With the pictures omitted, set down exactly the lines from the one that contains "Hotel Wilder Mann" through the last line of the data.

Pictures with short captions:

[Start of section]

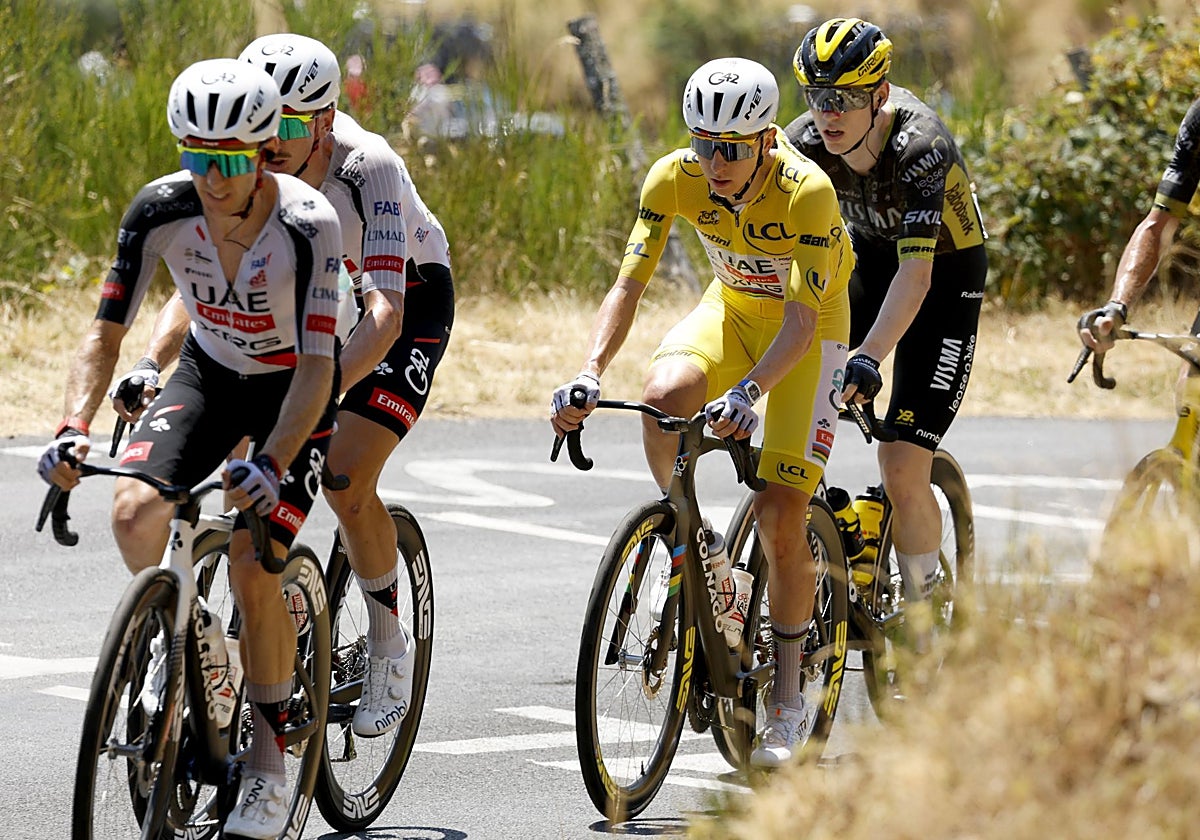 Directo | La undécima etapa del Tour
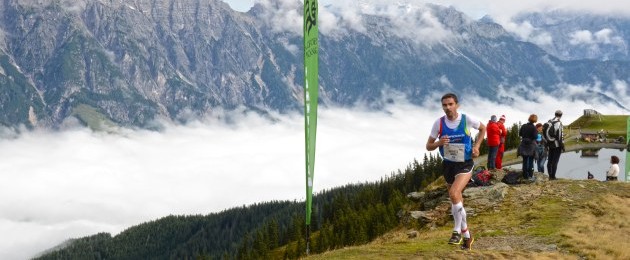 Saalfelden Leogang – Asitz-Gipfelberglauf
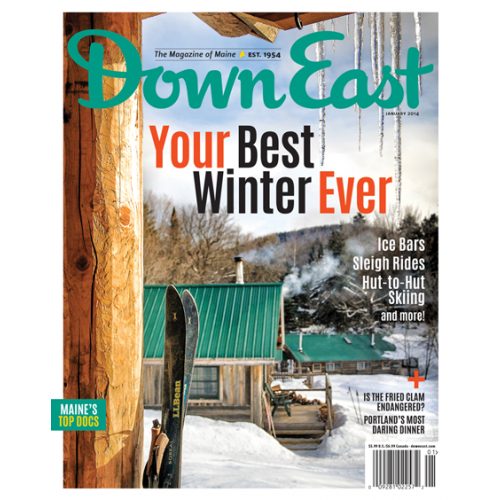 Down East January 2014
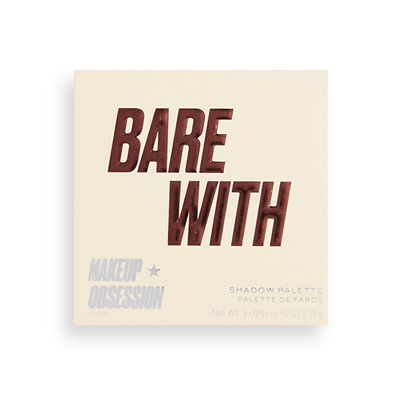 Hije për sy Makeup Obsession Bare With, 3.4 g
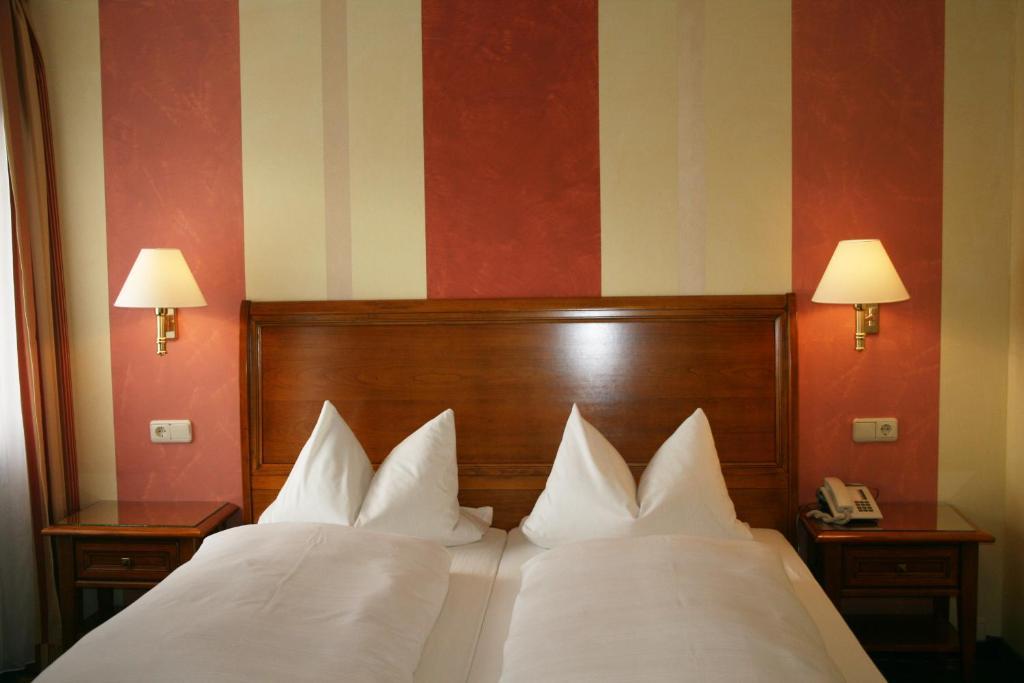 Hotel Wilder Mann Königstein in der Oberpfalz Habitación foto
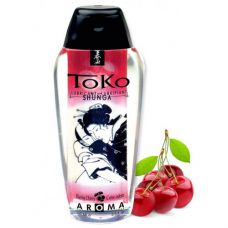 Лубрикант Shunga Toko Aroma с ароматом вишни 165 мл 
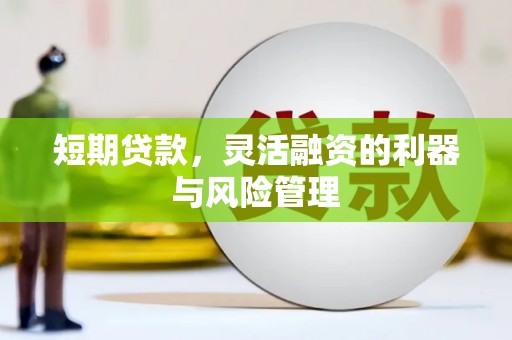 浉河短期贷款，灵活融资的利器与风险管理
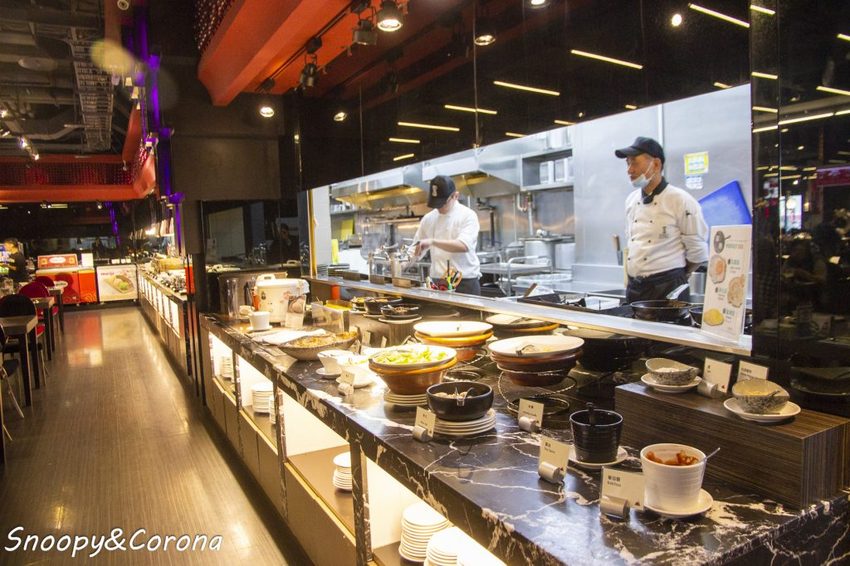 【台中住宿】逢甲夜市住宿推薦／星享道酒店INSKY HOTEL～設施豐富、早餐豐盛，到逢甲夜市步行只要3分鐘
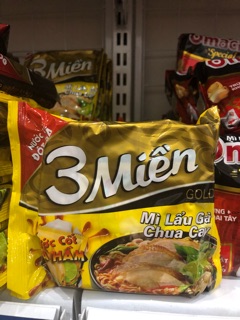 MÌ 3 MIỀN 75g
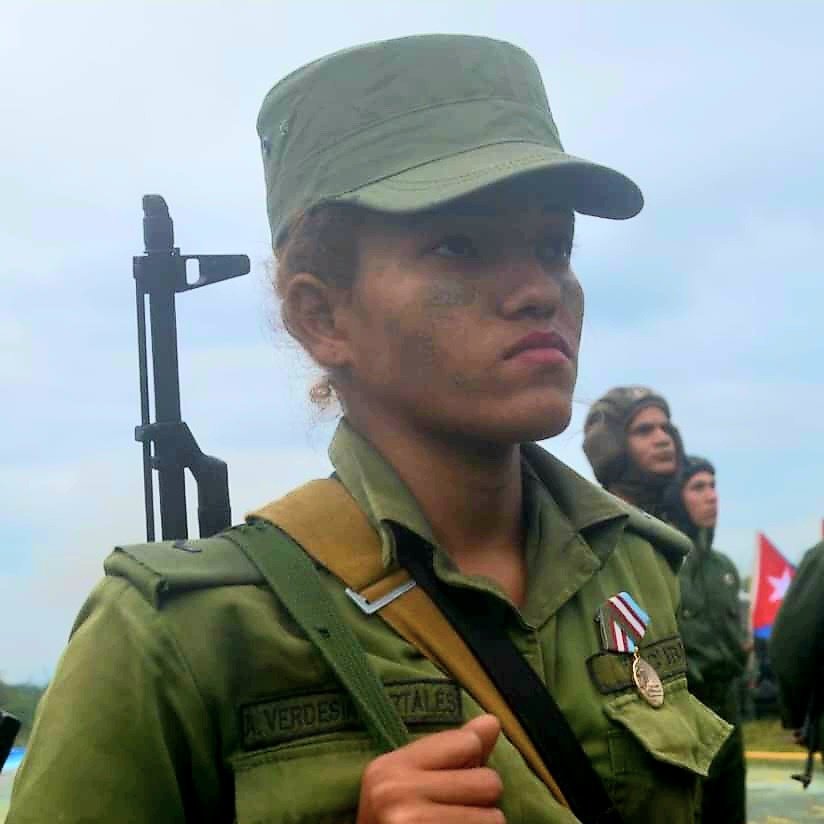 Día Nacional de la Defensa en  Cienfuegos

[End of section]

• [Task response]
 Hotel Wilder Mann Königstein in der Oberpfalz Habitación foto
 Лубрикант Shunga Toko Aroma с ароматом вишни 165 мл 
 浉河短期贷款，灵活融资的利器与风险管理
 【台中住宿】逢甲夜市住宿推薦／星享道酒店INSKY HOTEL～設施豐富、早餐豐盛，到逢甲夜市步行只要3分鐘
 MÌ 3 MIỀN 75g
 Día Nacional de la Defensa en  Cienfuegos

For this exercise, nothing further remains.